While I was sipping on the carob liqueur I noticed that Nat and Alex were in an intense debate. They were talking about optimal soil acidity and water mineral content required to grow Miracle Fruit. Nat said to Alex in a somewhat hushed tone, “I heard you are one of the few people in the country who has succeeded in growing Miracle Fruit.” Alex just gave a wise nod.

I got up the nerve to ask: “What is Miracle Fruit?”

Alex’s dad disappeared for a few minutes and came back with a small red berry and a slice of lemon. Alex’s dad told me take a test of the lemon. It tasted like a lemon. Not so impressive so far.

“Now slowly suck the fruit off of this little red berry, make sure you mash it up against your tongue really well.” The berry had a slightly sweet and pleasant flavor. “Now take a test of the lemon.” The lemon now tasted like the sweetest orange! I eagerly devoured the entire lemon – it was like candy. This fruit really was a miracle! It made sour things gloriously sweet with no additional calories.

“How long does this miracle fruit effect one’s sense of taste,” I asked, assuming that it might work for 30 seconds on a good day.

“Somewhere between four and eight hours,” Alex said.

Nat explained to me that Miracle Fruit would turn red wine into the finest port. It would transform unsweetened lemon meringue pie. In fact it would make almost anything you eat taste a lot better.

Nat explained that many companies have attempted to commercialize Miracle Fruit but evil forces in the sugar industry have stopped it. There was even a popsicle with a coating of miracle fruit juice (to coat the tongue with the active ingredient, “miraculin”) and a soft drink can with a separate miracle fruit juice chamber. The fruit is apparently native to Cameroon, where the local soup is sour unless you coat your tongue with miracle fruit juice first.

The catch is that Miracle Fruit is extremely difficult to grow (unless you are Alex) and also very difficult to buy in this country. (There is apparently an African man in New Jersey who sells the stuff for research purposes, though.) But if you get the chance to try it, I highly recommend it. It will transform your views on the nature of taste and make you perhaps more conscious that you are a computer whose program can be rewritten by pressing the appropriate buttons. If a true miracle makes us question what is real and what is not real, Miracle Fruit is appropriately named.

Sunday, June 11, 2006

The Hero Burger of Blogs

It is with great reluctance that I am writing a blog.

I was inspired by a hamburger--a very bad hamburger. There is a place in Toronto called Hero Burgers that I made the mistake of eating at yesterday. You can look at their web site at www.heroburgers.com. Their ad promises that "using nothing but 100% Angus Beef for our hamburgers and adding no additives or preservatives we make the freshest and juiciest hamburgers possible." Furthermore, "we strive to make every visit special so that every time you have one of our fresh sandwiches you will understand why we say that every Hero makes a difference."

A difference indeed.
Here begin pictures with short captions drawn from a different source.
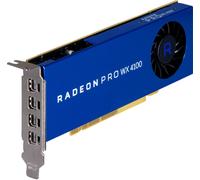HP AMD Radeon Pro WX 4100 4GB Graphics Card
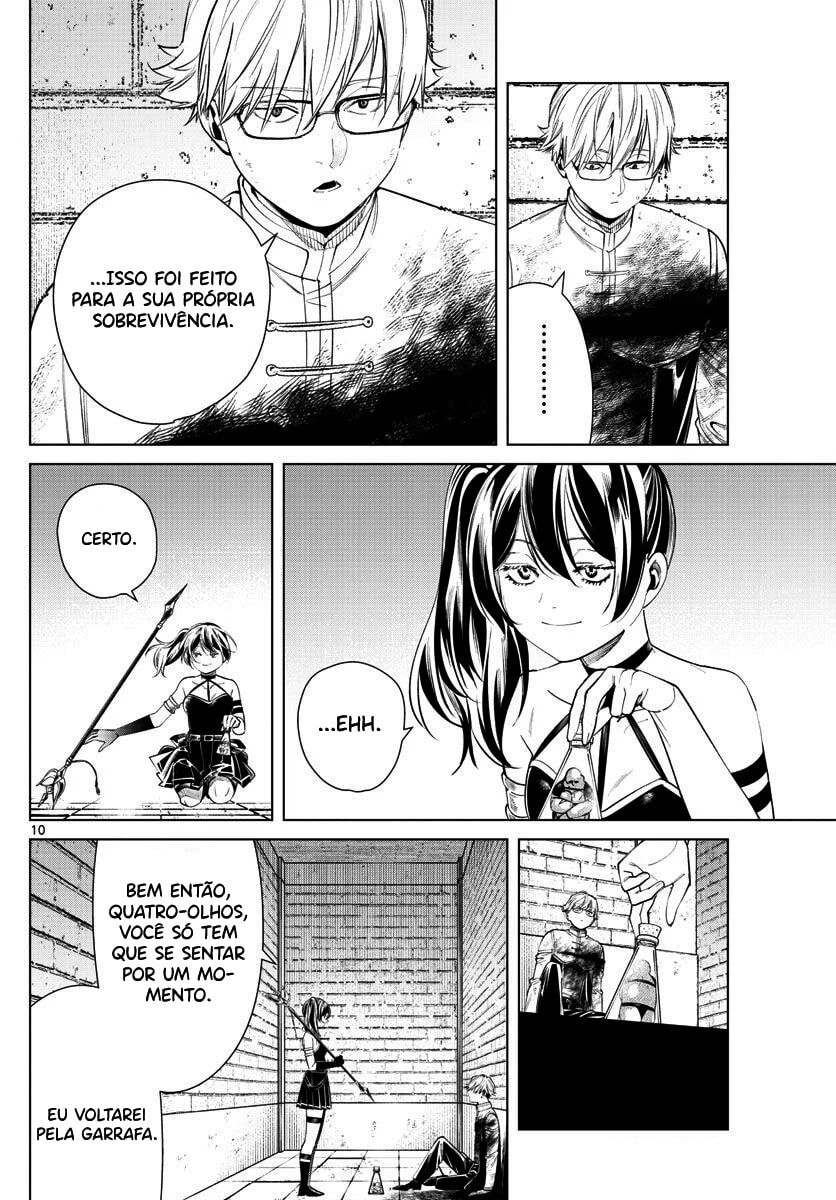 Read Frieren_ Beyond Journey’s End PT Manga Online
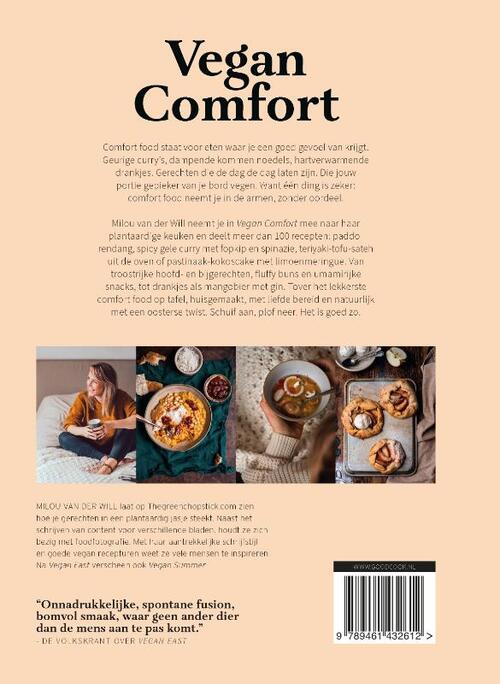 Vegan Comfort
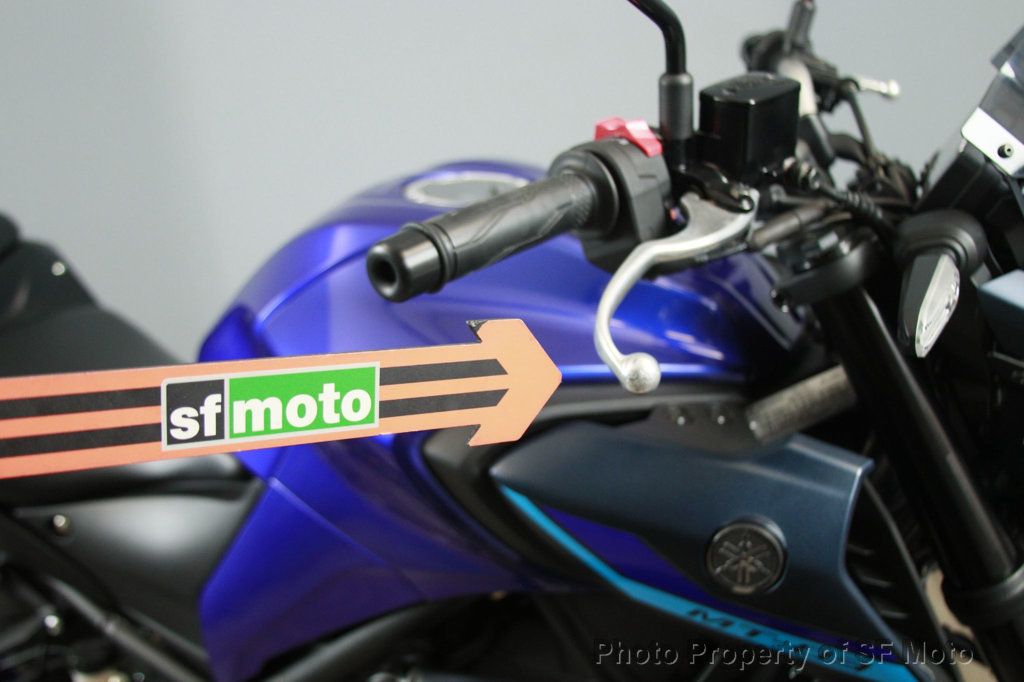2023 Yamaha MT-03 One Owner, 1038 Mile - 22959536 - 50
The Hero Burger's meat tastes like a they put a cow foot in a blender and added salt. The luke-warm "fresh cut french fries" cooked in "100% canloa oil" had a distinctly rancid flavor that, apparently, American (and presumably Canadian) consumers have grown to expect. There is not just one Hero Burger; Hero Burger has expanded to ten locations in places as far away as Aurora. The company has grand growth plans; can a public offering be far away?

I had to ask myself: Why does the Hero Burger need to exist? Does the world need yet another disgusting fast food chain when there is already a McDonald's on every other block? The world needs another fast food chain about as much as it needs another blog.

A blog, a blog. A good idea. Welcome to Milequetoast. The Hero Burger of Blogs.